Quienes sufrieron el apagón que se produjo en Nueva York, del 13 al
14 de julio de 1977, contaron que habían vivido situaciones de auténtico
pánico; por ejemplo, las personas que se quedaron atrapadas durante
horas en el Metro, hasta que pudieron ser evacuadas; o encerradas en los
ascensores de los rascacielos.
A consecuencia de la caída de varios rayos, casi toda la ciudad
quedó sin suministro eléctrico, en medio de una severa ola de calor. El
pillaje se extendió, hasta el punto de que arrestaron a unas 4.500
personas que fueron sorprendidas saqueando viviendas y comercios. Y
muchas personas temieron toparse con un hombre que había cometido varios
asesinatos en esa ciudad y andaba suelto.

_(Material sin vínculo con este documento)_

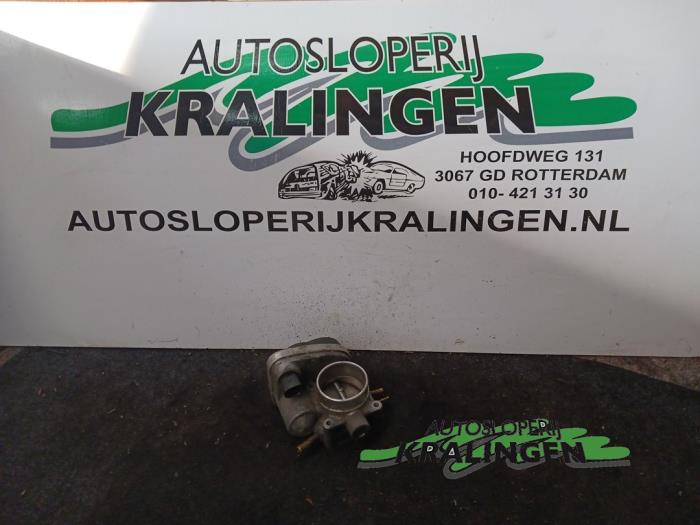Gebrauchte Drosselklappengehäuse BMW Mini (R50/53) 1.6 16V One Preis € 24,99 Margenregelung angeboten von Autosloperij Kralingen B.V.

¿Cómo nos sentiríamos nosotros si nos perdemos en un monte, en una
noche sin luna, y sin ningún medio para iluminarnos? ¿Qué sentimos si
descubrimos a lo lejos la luz de las linternas de quienes vienen a
rescatarnos?
Muchas homilías son soporíferas y no tienen relación con lo que está
viviendo la comunidad o la parroquia. ¿Dónde tomamos conciencia de que
somos luz? ¿Dónde, cuándo y cómo nos recordamos que somos como una
central eléctrica, por la corriente que nos une? ¿Cómo podemos recuperar
el potencial “energético” que tenemos las comunidades
cristianas? ¿Nos damos cuenta de los profundos cambios sociales que
pueden operarse cuando este potencial se pone en marcha?

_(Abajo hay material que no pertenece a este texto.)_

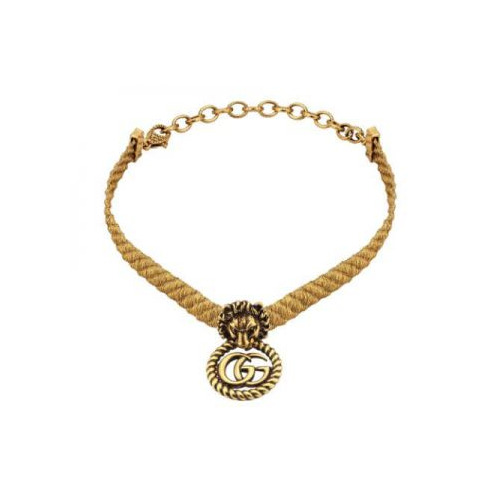 Gucci Colar Cabeça de Leão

La luz que somos ¿no se ha ido diluyendo con las pequeñas luces de
las pantallas, que nos absorben la energía, nos entretienen y nos
anestesian?
Alumbre así vuestra luz a los hombres, para que vean vuestras buenas obras y den gloria a vuestro Padre que está en el cielo.»

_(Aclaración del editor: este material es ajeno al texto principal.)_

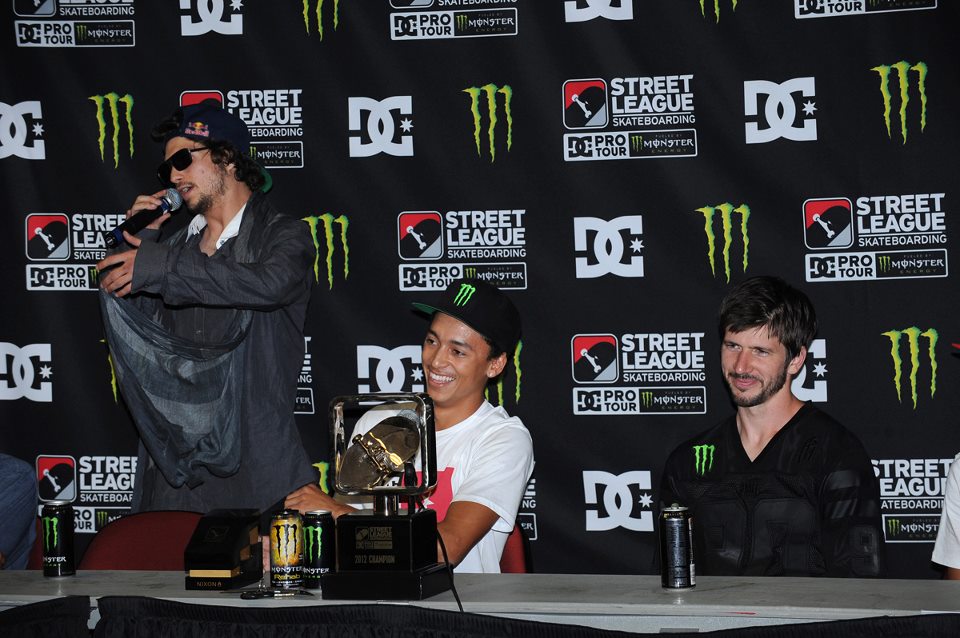 nyjah huston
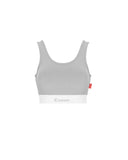 CROP TOP CLEMONT WOMEN VIBRANTE GREY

Hay un tiempo para cada cosa. Hay un tiempo para pasar
desapercibidos, como levadura en la masa, y hay un tiempo para dar
testimonio y que se vea el dinamismo del talante cristiano.
Pero siempre hace falta un requisito imprescindible: que el ego se acalle para que se perciba al Abba como la Luz y la Sal, de donde proceden nuestra sal y nuestra luz.